Les RR Lyrae pulsent avec la précision d'une horloge ancienne, s'illuminant et s'assombrissant de manière régulière, mais certaines sont soudainement prises d'une véritable « fièvre » : leur rythme se dérègle et leur éclat oscille selon une courbe complexe pendant des semaines. Ce caprice, découvert il y a plus d'un siècle, porte le nom d'effet Blazhko et a longtemps échappé aux théoriciens. Apparemment, un nouveau modèle publié sur arXiv a enfin débusqué le principal coupable : l'hélium ordinaire, dont les déplacements à l'intérieur de l'étoile brisent toute harmonie.
Les RR Lyrae sont des étoiles anciennes qui ont déjà dépassé le stade de géante rouge et subsistent désormais grâce aux pulsations de leur zone d'ionisation de l'hélium. L'effet Blazhko superpose à la période principale un second cycle plus long, ce qui fait varier l'amplitude au point qu'elle s'intensifie ou s'estompe presque totalement. Les auteurs de l'étude ont conçu une simulation informatique détaillée. Selon leurs calculs, c'est précisément le transfert de l'hélium des couches profondes vers la surface qui perturbe la stabilité et engendre la modulation observée.

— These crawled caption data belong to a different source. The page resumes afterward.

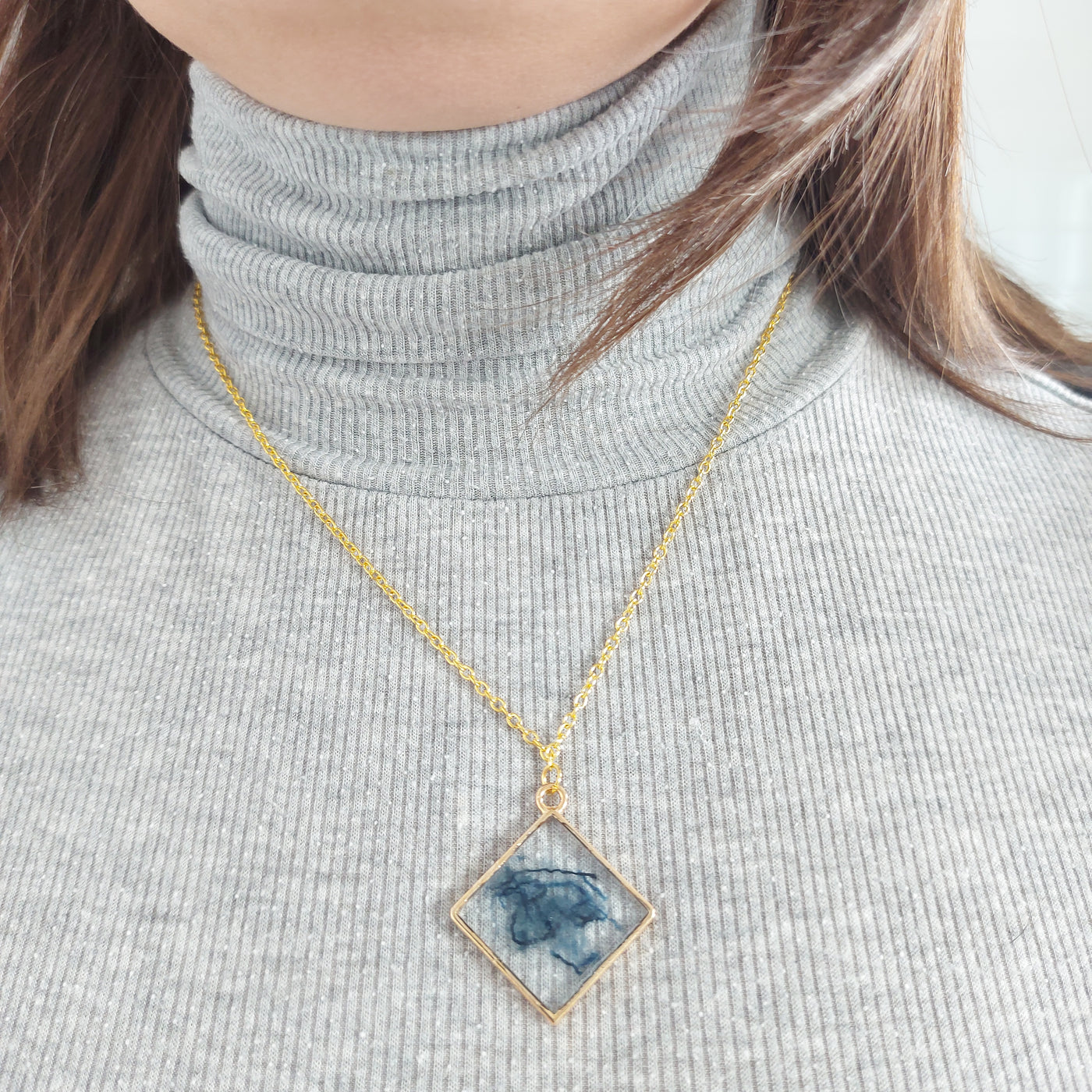 Square pendant necklace and jeans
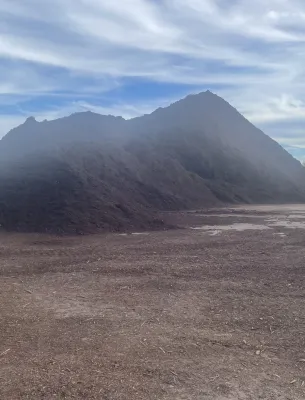 Large pile of dark soil under a cloudy sky
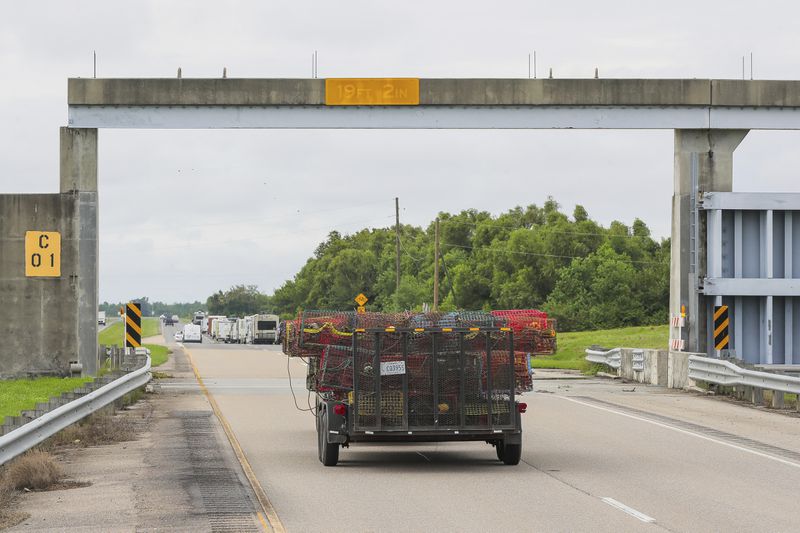 Crabbers move their traps to inside the levy protection system ahead of Tropical Storm Francine, Monday, Sept. 9, 2024, in lower St. Bernard Parish, La. (David Grunfeld/The New Orleans Advocate via AP)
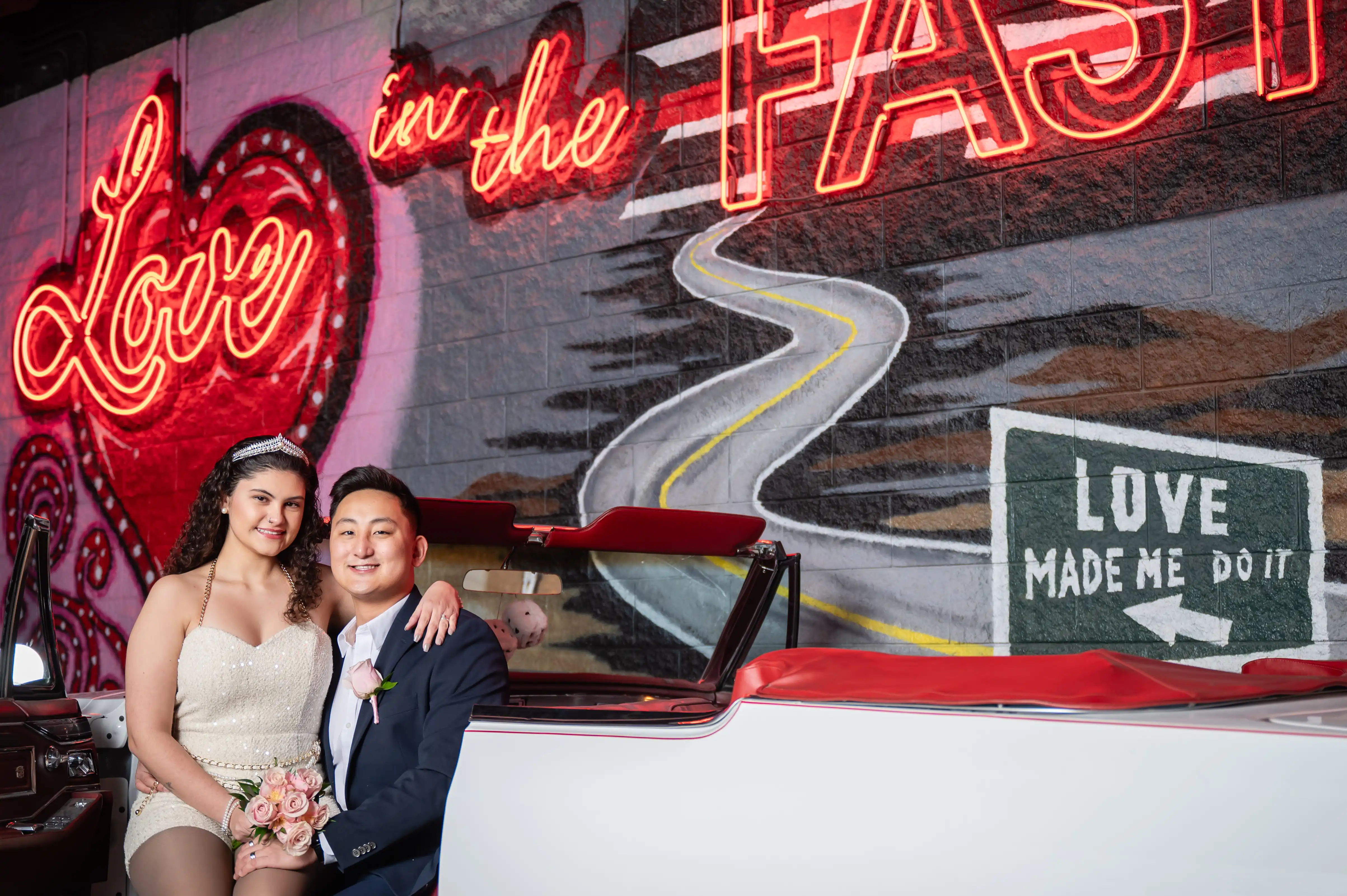 Couple celebrating their wedding ceremony in a white Cadillac at Liberty Lane in Las Vegas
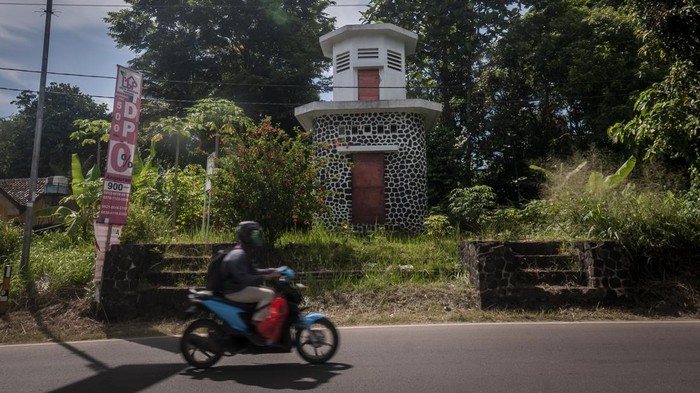 Pengendara roda dua melintas di depan menara air peninggalan Kolonial Belanda di Warunggunung, Lebak, Banten, Senin (28/11/2022). Menara air yang dibangun oleh pemerintah Kolonial Belanda pada tahun 1931 yang sudah tidak difungsikan tersebut dulunya digunakan untuk menyalurkan air dari Kabupaten Pandeglang menuju Kabupaten Lebak. ANTARA FOTO/Muhammad Bagus Khoirunas/hp.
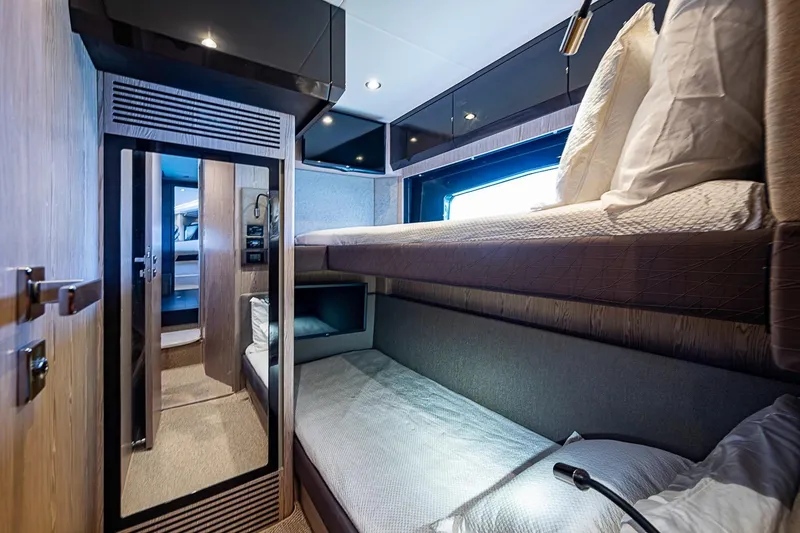 Slide: The Image of Interior of 2019 Azimut Atlantis 51 yacht with cozy bunk beds and modern design. - 45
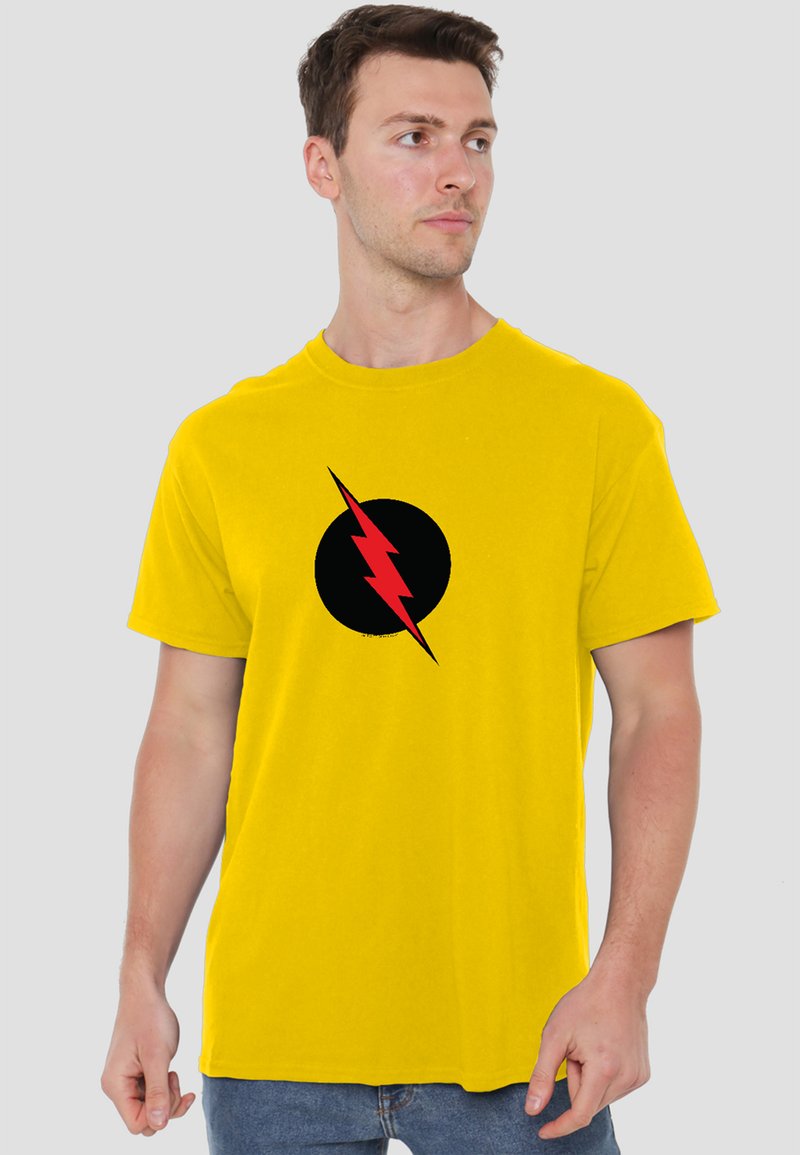 Man wearing a bright yellow t-shirt with a black circle and red lightning bolt design, looking to his right against a light background.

Fait remarquable, le modèle reproduit avec une grande fidélité tant la période de modulation que les changements de phase lumineuse que les astronomes documentent depuis des années. Les données préliminaires indiquent que ce transfert d'hélium n'est pas possible chez toutes les étoiles de cette classe, car il nécessite des conditions spécifiques de température, de masse et de turbulence. Les experts soulignent qu'auparavant, ces processus étaient grandement simplifiés, alors qu'on constate aujourd'hui la sensibilité extrême de l'étoile au mouvement d'éléments même légers.
Imaginez une immense lampe à lave de la taille du Soleil : des gouttes d'hélium remontent lentement, refroidissent, puis redescendent, modifiant la densité et la facilité avec laquelle la lumière s'échappe vers l'extérieur. À cause de ces « bulles », toute la surface de l'étoile se met à vibrer différemment, et nous percevons depuis la Terre tantôt un éclat vif, tantôt un scintillement presque régulier. Cette image permet de comprendre instantanément pourquoi l'effet Blazhko est si changeant et imprévisible.
Cette découverte bouleverse notre vision de la vie interne des étoiles pulsantes. Il s'avère que même de légères variations de la composition chimique et du mélange interne peuvent influencer radicalement la manière dont l'étoile « respire ». Pour la cosmologie, il s'agit d'une avancée majeure : les RR Lyrae servent de chandelles standards pour mesurer les distances entre galaxies, et ces mesures gagneront désormais en précision.
Par ailleurs, le modèle ouvre de nouvelles pistes pour détecter les champs magnétiques et la turbulence profonde au sein des astres. Les recherches suggèrent que des mécanismes similaires pourraient être à l'œuvre chez d'autres objets variables. Nous commençons à percevoir les étoiles non plus comme des sphères idéales, mais comme des systèmes vivants et bouillonnants.
En décryptant cette facétie stellaire, nous rendons le cosmos un peu plus prévisible et plus proche de chacun de nous.